Furious that the Gregorys’ door under the steps was not big enough to let it all out at once, it pounded and bellowed at all the doors down the hall as it passed them. The waves came dashing up the slip and rushed through the door and into the hall. I used to think that ships sailed right into the Gregorys’ hall-way to do their customs business and I begged to go to see Mrs. Gregory on any excuse whatever, always hoping to meet a ship sailing down the hall-way.

I was much disappointed that I never struck a tide high enough to bring a ship in. Once I thought I was going to but when no more than two waves had washed in through the great doors Mr. Gregory rushed out, shut and barred them.

The inside of Father’s store was deep and dark. Cases, crates, and barrels stood piled one on top of another right up to the ceiling, with just a narrow lane running down the middle and ending in what was called “the yard”–not a yard at all, only a strong, rough board shed filled with “empties” and cats. There were no windows; the cats, crawled in and out of the “empties” hunting for rats, their eyes shining in the black.

Slits of daylight cut between the boards of the shed walls, and shadows thrown by a sputtering gas jet made it all spooky and unreal–different from the solid, comfortable feel of the outer store crammed with provisions.

Father had every colour of cat. He took fresh milk in a bottle from home every morning to them; he said a diet of straight rat was not healthy for cats. Only one of them was a comfortable, particular cat and came to sit by the stove in Father’s office. The rest were just wholesale cats. Father’s office was beside the open front of his big store and in it Father sat in front of a large, square table covered with green baize; on it in front of him was a cupboard full of drawers and pigeon-holes.
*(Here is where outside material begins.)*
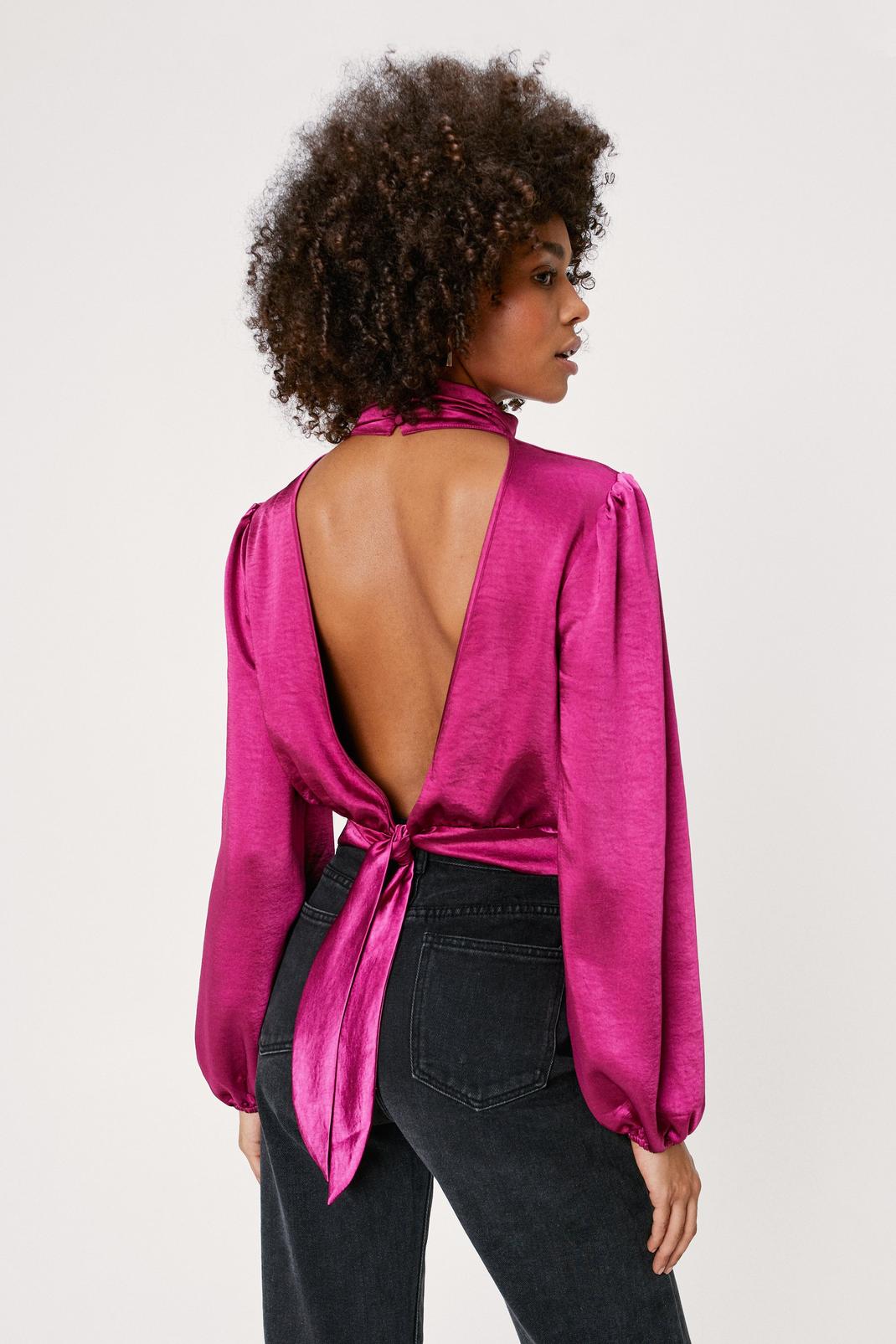 Hot pink Heavy Satin Open Back Blouse image number 1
He sat in a high-backed wicker armchair. His beard was white and, after he went bald, he wore a black skull cap. A fat round stove, nearly always red hot, was between Father’s table and the long, high desk where his men stood or sat on high stools doing their books when they were not trundling boxes on a truck.

There was an iron safe in one corner of the office with a letter press on top and there were two yellow chairs for customers to sit on while Father wrote their orders in his book. Everything was dozened in Father’s store: his was not a business that sold things by pinches in paper bags. High along the wall ran four long shelves holding glass jars of sample English sweets–all pure, all wholesome, all English. The labels said so.